The CascadeConnector class constructs a Cascade by building a virtual, internal graph that renders each Flow as a "vertex" and renders each file as an "edge." As a Cascade executes, the processes trace the topology of the graph by plotting each vertex in order of dependencies. When all incoming edges (i.e., files) of a vertex are available, it is scheduled on the cluster.
Consider the following example.
-
Flow 1 reads input file A and outputs B.
-
Flow 2 expects input B and outputs C and D.
-
Flow 3 expects input C and outputs E.
In the example above, Flow 1 goes first, Flow 2 goes second, and Flow 3 is last.
If two or more Flows are independent of one another, they are scheduled concurrently.
By default, if any outputs from a Flow are newer than the inputs, the Flow is skipped.

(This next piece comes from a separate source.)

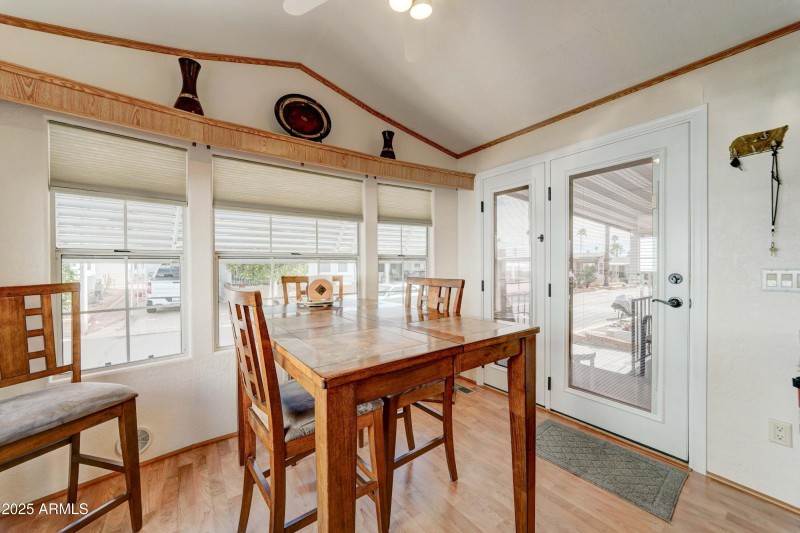 Front door has screen sidelight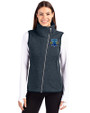 Philadelphia Phillies City Connect Cutter & Buck Mainsail Sweater Knit Womens Asymmetrical Vest Liberty Navy Heather Front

The assumption is that the Flow was executed recently, since the output is not stale. So there is no reason to re-execute it and use up resources or add time to the application. A compiler behaves analogously when a source file is not updated before a recompile.
The Cascade topological scheduler is particularly helpful when you have a large set of jobs, with varying interdependencies, that must be executed as a logical unit. You can just pass the jobs to the CascadeConnector, which can determine the sequence of flows to uphold the dependency order.